Material provided ▸
+---+
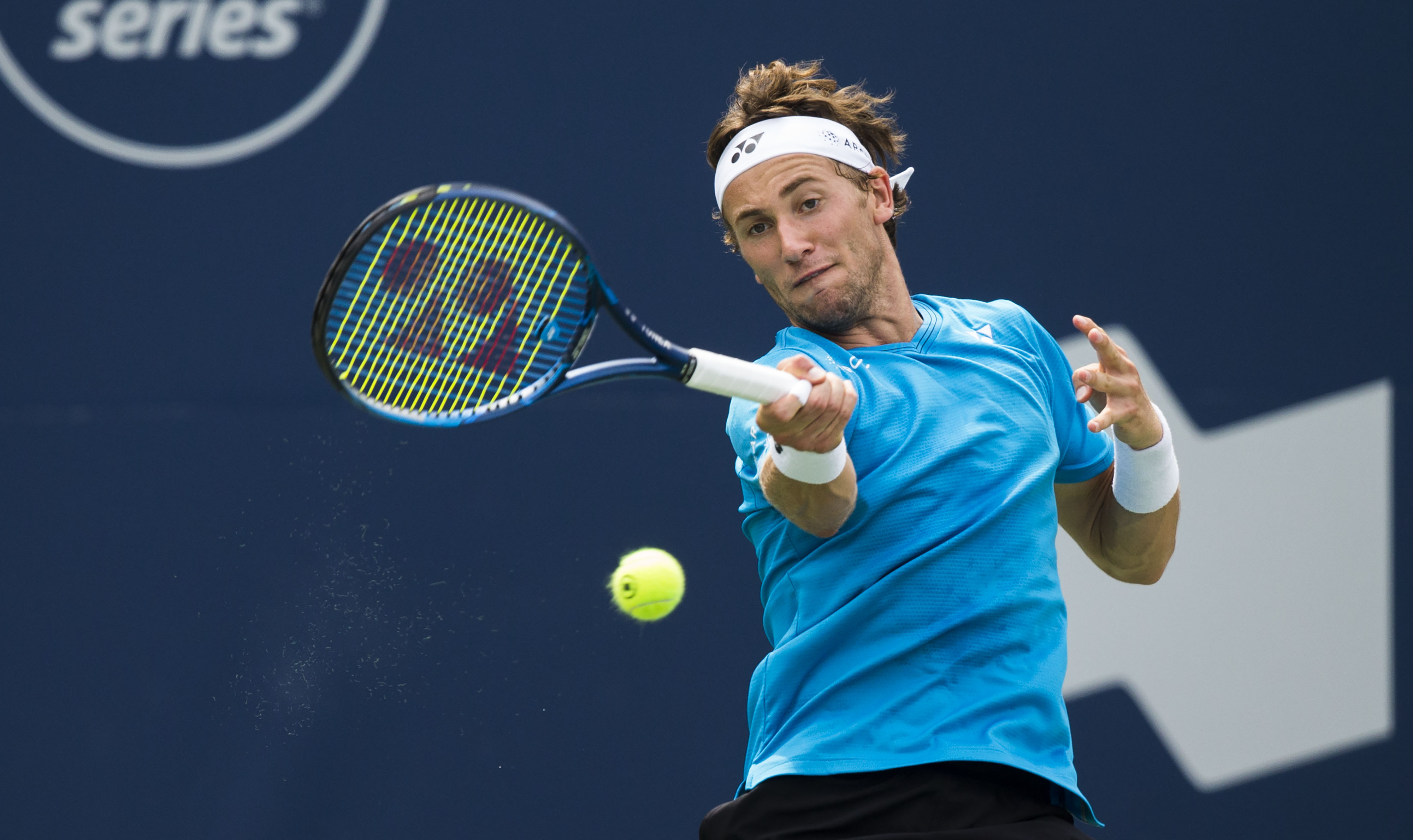 网球——加拿大国家银行公开赛:齐齐帕斯晋级四强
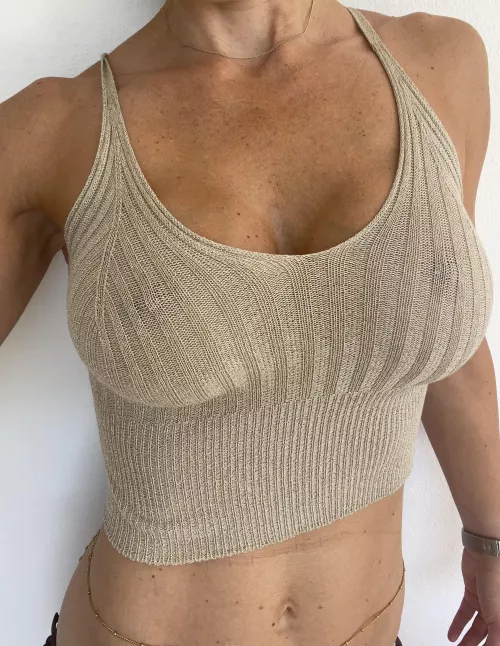 Braless croptops are my favourit…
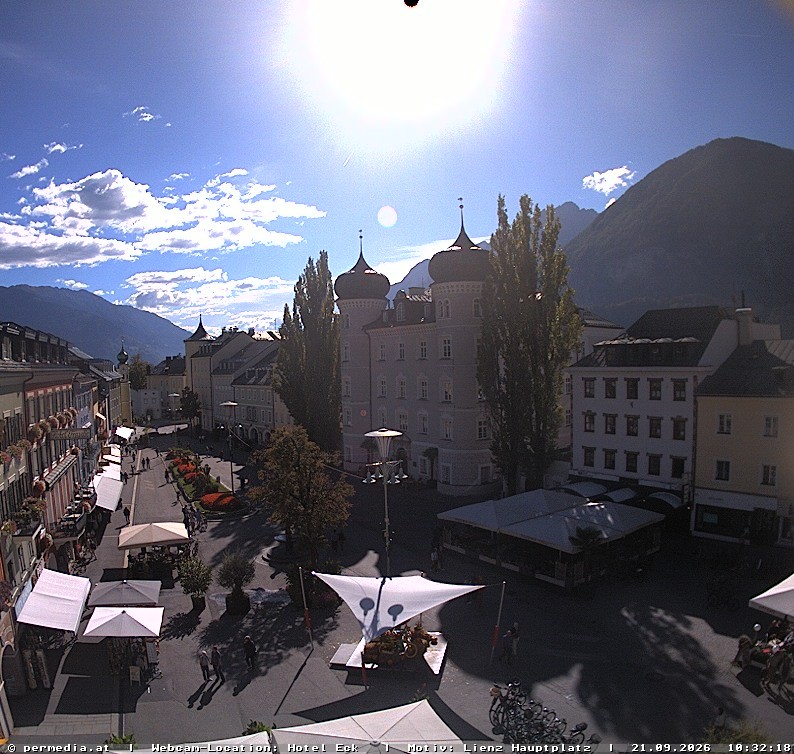 Archiv Foto Webcam Der Marktplatz von Lienz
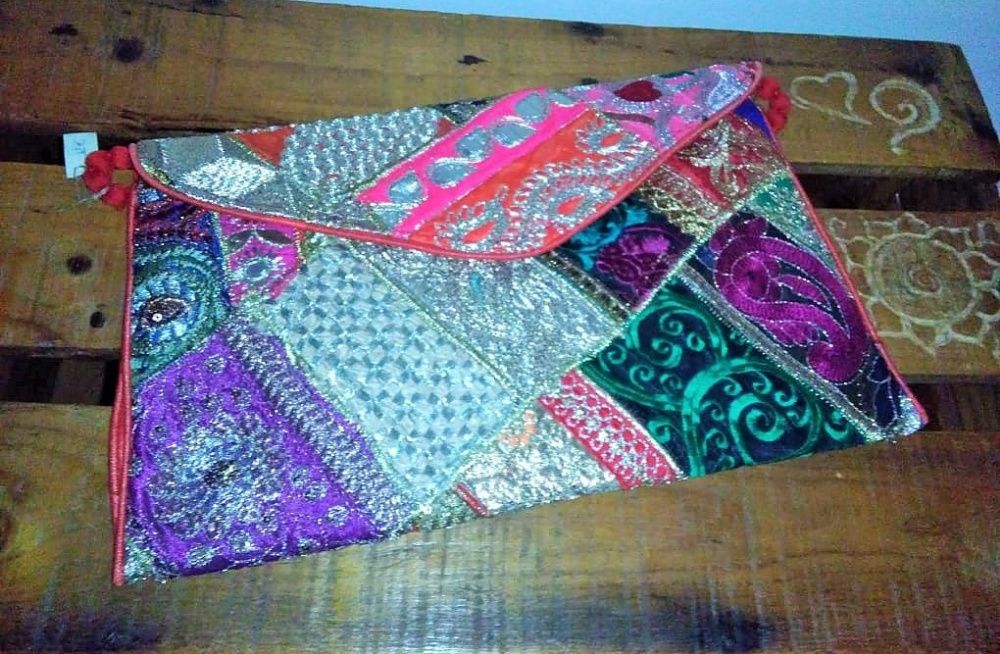 Bolsas Indianas Bordadas - NOVAS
+---+
Your assignment ▸ Leave the pictures out. Output exactly, and only, the lines from the one with "Braless croptops are my favourit…" through the last line of the listing above, both included.

Reply ▸
 Braless croptops are my favourit…
 Archiv Foto Webcam Der Marktplatz von Lienz
 Bolsas Indianas Bordadas - NOVAS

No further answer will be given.